Introduction
As usual, pull the files from the skeleton and make a new IntelliJ project.
In previous labs, we have seen various types of graphs, including weighted, undirected graphs, as well as algorithms that can be performed on them. In this lab, we will be introducing a few algorithms which can be used to find a minimum spanning tree.
Minimum Spanning Tree
Consider an undirected graph \(G = (V,E)\) comprising of a set of vertices, \(V\), and a set of edges, \(E\). Let’s break down the term, minimum spanning tree.
A tree is an acyclic (has no cycles) and connected graph. If it has \(N\) vertices, then it must have exactly \(N - 1\) edges in order to satisfy these properties. A tree can be as small as just a single node in a large graph.
A spanning tree further requires not just any small tree in the graph, but one which spans all the vertices in the graph. Formally, a spanning tree \(T = (V, F)\) of \(G\) is a tree that contains all of the vertices of \(V\) of the graph \(G\), and a subset of its edges: \(F \subseteq E\), where \(|F| = |V| - 1\) edges from \(G\).
Here’s an example of two different spanning trees on the same graph. Notice how each spanning tree consists of all of the vertices \(V\) in the graph, but exactly \(|V| - 1\) edges while still remaining connected. Because the original graph \(G\) may have many other edges, it’s possible for there to exist multiple spanning trees.
If \(G\) is not a fully-connected graph, then a similar idea is one of a spanning forest, which is a collection of trees, each having a connected component of \(G\), such that there exists a single path between any two vertices in the same connected component.
A minimum spanning tree (MST for short) \(T\) of a weighted undirected graph \(G\) is a spanning tree where the total weight (the sum of all of the weights of the edges) is minimal. That is, no other spanning tree of \(G\) has a smaller total weight.
Consider the graph below. Which edge is not in the MST of this graph? Discuss with your partner.
\[\overline{AB}, \overline{AD}, \overline{BD}, \overline{DC}\]MST Algorithms
Before we go into specific algorithms for finding MST’s, let’s talk about the general approach for finding MST’s.
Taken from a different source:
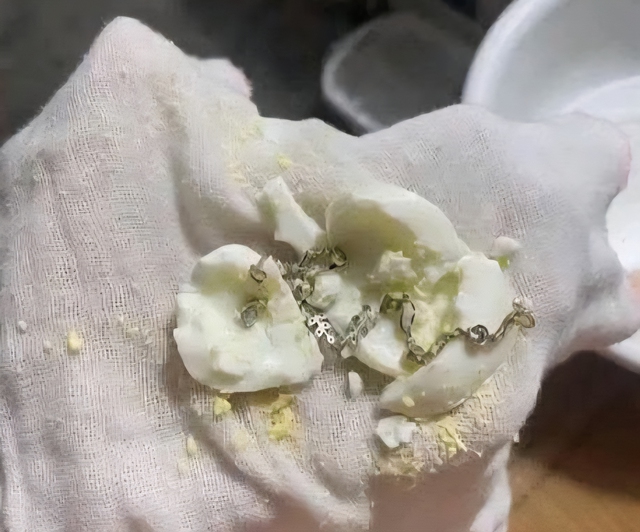 Trẻ sốt cao: Bác sĩ cảnh báo không nên lăn trứng hay để 'giảm sốt tự nhiên' - Ảnh 1.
To talk about this, we will need to define a few more terms:
- Cut: an assignment of a graph’s vertices into two non-empty sets
- Crossing edge: an edge which connects a vertex from one set to a vertex from the other set
Examples of the above can be found in the following graph below, where the two sets making up the cut are the set of white vertices and the set of gray vertices:
Using these two terms, we can define a new property called the cut property. The cut property states that given any cut of a graph, the minimum weight crossing edge is some valid MST (as there can be multiple). Proving that this is true is slightly out of scope for this course (you will learn more about this in more advanced algorithms classes, such as CS 170), but we will use this property as a backbone for the algorithms we will discuss.
The question is now, what cuts of the graph do we use to find the minimum weight crossing edges to add to our MST? Random cuts may not be the best way to approach this problem, so we’ll go into the following algorithms that each determine cuts in their own way: Prim’s algorithm and Kruskal’s algorithm.
Prim’s Algorithm
Prim’s algorithm is a greedy algorithm that constructs an MST, \(T\), from some graph \(G\) as follows:
- Create a new graph \(T\), where \(T\) will be the resulting MST.
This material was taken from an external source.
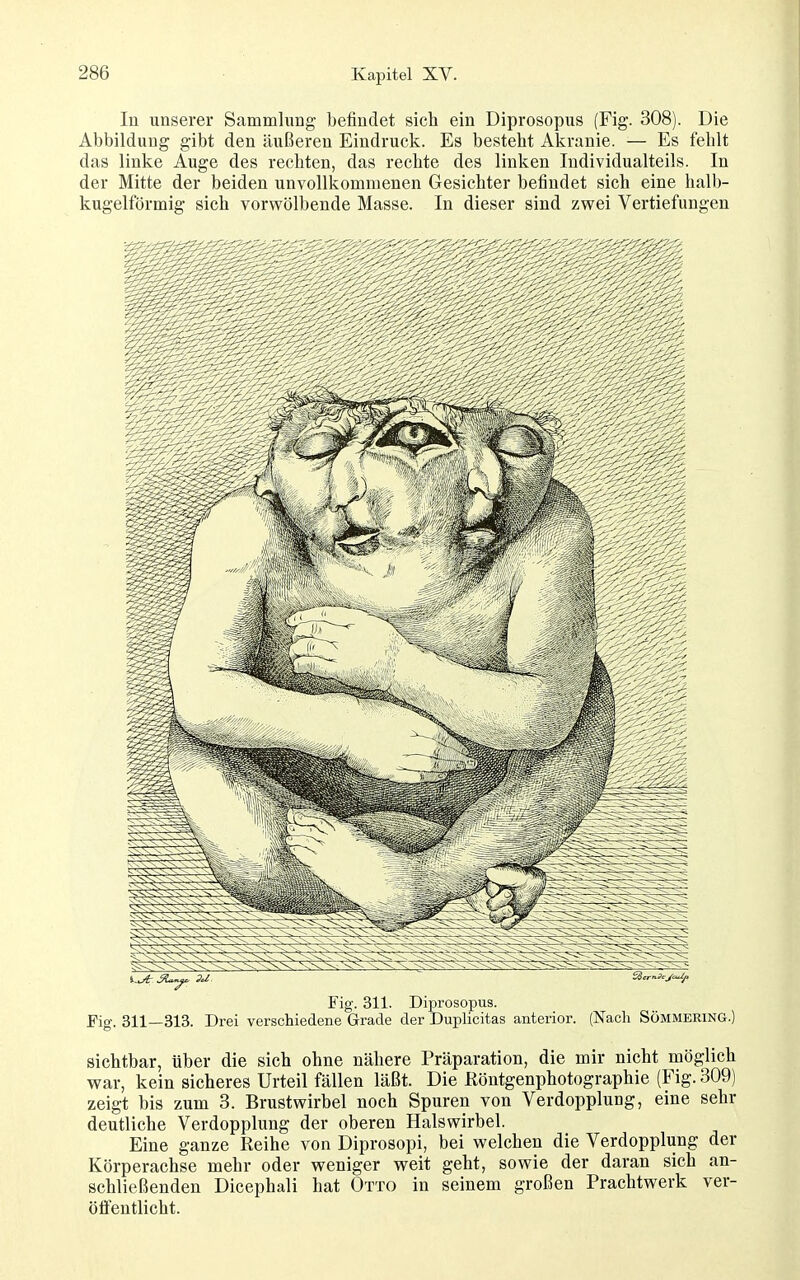 In unserer Sammlung befindet sich ein Diprosopus (Fig. 308). Die Abbildung gibt den äußeren Eindruck. Es besteht Akranie. — Es fehlt das linke Auge des rechten, das rechte des linken Individualteils. In der Mitte der beiden unvollkommenen Gesichter befindet sich eine halb- kugelförmig sich vorwölbende Masse. In dieser sind zwei Vertiefungen Fig. 311. Diprosopus. Fig. 311—313. Drei verschiedene Grade der Duplicitas anterior. (Nach Sömmering.) sichtbar, über die sich ohne nähere Präparation, die mir nicht möglich war, kein sicheres Urteil fällen läßt. Die Köntgenphotographie (Fig. 309) zeigt bis zum 3. Brustwirbel noch Spuren von Verdopplung, eine sehr deutliche Verdopplung der oberen Halswirbel. Eine ganze Reihe von Diprosopi, bei welchen die Verdopplung der Körperachse mehr oder weniger weit geht, sowie der daran sich an- schließenden Dicephali hat Otto in seinem großen Prachtwerk ver- öflentlicht.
- Choose an arbitrary starting vertex in \(G\) and add that vertex to \(T\).
- Repeatedly add the smallest edge of \(G\) that has one vertex inside \(T\) to \(T\). Let’s call this edge \(e\).
- Continue until \(T\) has \(V - 1\) edges.
Now, what cuts do we use in this algorithm? We know that at any given point, the two sets of vertices that make up the cut are the following:
- vertices of \(T\)
- vertices of \(G\) that aren’t in \(T\)
Because our algorithm will always add \(e\), the smallest edge of \(G\) that has one vertex inside \(T\) and the other vertex not in \(T\), to the MST \(T\), we will always be adding the minimum edge that crosses the above cut. If the entire tree is constructed in this way, we will have created our MST!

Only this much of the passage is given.